Garland man pleads guilty in crime spree
A Garland man has entered a guilty plea to a plethora of charges stemming from a September 2018 spree and a subsequent attempt to influence one of the victims.
Christian S. Iverson, 38, entered the plea before President Judge Maureen Skerda.
The charges stem from an incident in September 2018 when police were dispatched to Dunn’s Eddy Road in Brokenstraw Township for a reported possible home invasion. On their way to the scene, police said, they were informed that the suspect was using a weapon and attempting to enter the residence, as well as “screaming he was going to kill the victims.”
As they reached the scene, police said, they saw a white Ford F350 heading toward them at a high rate of speed in the wrong lane of travel and refusing to move over for the oncoming officers, who swerved to avoid hitting it. After turning around and pursuing the truck for about one mile, police said, it committed “numerous traffic violations” before it struck “approximately two mailboxes and one yard ornament” and then swerved into the woods on the north side of the roadway.
That, police said, is when the vehicle struck a tree and the driver fled on foot.
Police interviewed the victims, who told them that Iverson had arrived at their residence and driven through their yard, striking additional mailboxes and causing damage to multiple yards belonging to other people. Victims told police that Iverson “appeared to be highly intoxicated.” After driving through the yard, witnesses told police, Iverson then got out of his vehicle with a hatchet and “began yelling that he was going to kill them.”
At that point, witnesses went on to tell police, Iverson “broke all the lights on the exterior of the residence to avoid detection.” He then proceeded to use the hatchet to break windows on the garage door, threw the hatchet at windows on the second floor of the residence where victims were located, and punch the windshield of his estranged family member’s car, breaking it and causing his hand to bleed.
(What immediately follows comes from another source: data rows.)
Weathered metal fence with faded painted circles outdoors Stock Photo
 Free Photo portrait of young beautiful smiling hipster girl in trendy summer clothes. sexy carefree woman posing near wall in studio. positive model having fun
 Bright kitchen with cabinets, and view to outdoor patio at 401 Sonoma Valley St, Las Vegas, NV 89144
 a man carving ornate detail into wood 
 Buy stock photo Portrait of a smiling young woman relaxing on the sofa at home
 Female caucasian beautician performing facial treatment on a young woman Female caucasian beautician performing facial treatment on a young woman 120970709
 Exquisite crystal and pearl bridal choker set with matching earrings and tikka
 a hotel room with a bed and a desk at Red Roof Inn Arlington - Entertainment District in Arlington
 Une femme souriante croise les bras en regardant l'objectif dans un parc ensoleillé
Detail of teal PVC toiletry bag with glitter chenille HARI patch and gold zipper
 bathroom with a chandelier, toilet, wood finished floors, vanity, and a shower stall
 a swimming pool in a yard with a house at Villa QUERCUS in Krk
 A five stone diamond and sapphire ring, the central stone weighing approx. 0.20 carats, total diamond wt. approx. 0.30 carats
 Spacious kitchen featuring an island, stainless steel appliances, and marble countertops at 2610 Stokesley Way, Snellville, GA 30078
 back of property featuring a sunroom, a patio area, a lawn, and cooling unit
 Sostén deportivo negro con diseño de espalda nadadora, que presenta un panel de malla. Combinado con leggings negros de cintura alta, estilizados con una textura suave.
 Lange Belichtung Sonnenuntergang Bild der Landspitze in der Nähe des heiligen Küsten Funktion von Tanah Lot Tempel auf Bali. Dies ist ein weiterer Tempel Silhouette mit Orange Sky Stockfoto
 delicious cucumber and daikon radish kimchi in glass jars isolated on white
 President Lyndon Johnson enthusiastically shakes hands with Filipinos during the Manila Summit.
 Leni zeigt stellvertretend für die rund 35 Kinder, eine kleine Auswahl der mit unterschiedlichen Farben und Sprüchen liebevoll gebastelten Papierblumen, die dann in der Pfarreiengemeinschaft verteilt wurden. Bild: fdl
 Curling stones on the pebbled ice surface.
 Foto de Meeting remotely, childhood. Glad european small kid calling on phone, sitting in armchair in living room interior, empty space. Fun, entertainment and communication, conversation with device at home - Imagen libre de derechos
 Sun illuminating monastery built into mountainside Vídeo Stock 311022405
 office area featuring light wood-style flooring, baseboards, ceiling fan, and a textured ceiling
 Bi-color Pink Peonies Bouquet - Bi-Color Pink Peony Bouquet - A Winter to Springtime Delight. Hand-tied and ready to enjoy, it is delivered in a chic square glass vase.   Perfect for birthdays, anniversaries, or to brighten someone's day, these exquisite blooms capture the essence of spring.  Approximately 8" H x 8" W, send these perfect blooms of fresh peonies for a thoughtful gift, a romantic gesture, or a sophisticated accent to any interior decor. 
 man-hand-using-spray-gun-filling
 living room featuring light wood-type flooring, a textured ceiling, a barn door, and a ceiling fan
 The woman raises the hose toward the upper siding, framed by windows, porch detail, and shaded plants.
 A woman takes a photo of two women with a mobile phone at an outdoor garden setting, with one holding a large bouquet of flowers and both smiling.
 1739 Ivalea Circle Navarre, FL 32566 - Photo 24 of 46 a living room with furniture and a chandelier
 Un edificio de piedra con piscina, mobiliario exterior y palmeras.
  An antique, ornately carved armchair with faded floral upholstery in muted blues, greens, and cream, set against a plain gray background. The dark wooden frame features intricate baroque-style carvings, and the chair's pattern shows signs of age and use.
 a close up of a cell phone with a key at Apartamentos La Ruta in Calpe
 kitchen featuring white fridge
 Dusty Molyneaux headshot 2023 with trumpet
Iverson then “attempted to enter the residence several times.”
Iverson fled again before police discovered him and “had to use substantial force, namely a taser, to effect the arrest.”
Fast forward to March 2019 and Iverson and his wife, Camille, were charged with intimidation of witnesses or victims.
The Iversons told the victim to sign a latter “as if he had written the letter himself,” according to the affidavit. “He also observed in the letter, it states that (the victim) never heard Christian Iverson say he was going to kill him. It also states that law enforcement forced (the victim) into making a false statement about Christian Iverson.”
The victim “stated these were all lies, and he in fact was threatened (by Iverson) and he was not forced into making a statement (by police),” police said in the affidavit. He “stated he felt pressured and coerced into signing the letter in fear of what Iverson would do to him if he refused.”
Police said the victim also received an offer that the Iversons would work for him for free if he signed the letter.
Iverson pled to a county of intimidation of witnesses or victims for that offense.
From the September incident, Iverson pled guilty to criminal trespass, flight to avoid apprehension, trial or punishment, DUI: Controlled substance/impaired ability – first offense, simple assault, resisting arrest, loitering and prowling at night time, criminal trespass, driving vehicle at safe speed, reckless driving, operate on private property without consent and theft by unlawful taking.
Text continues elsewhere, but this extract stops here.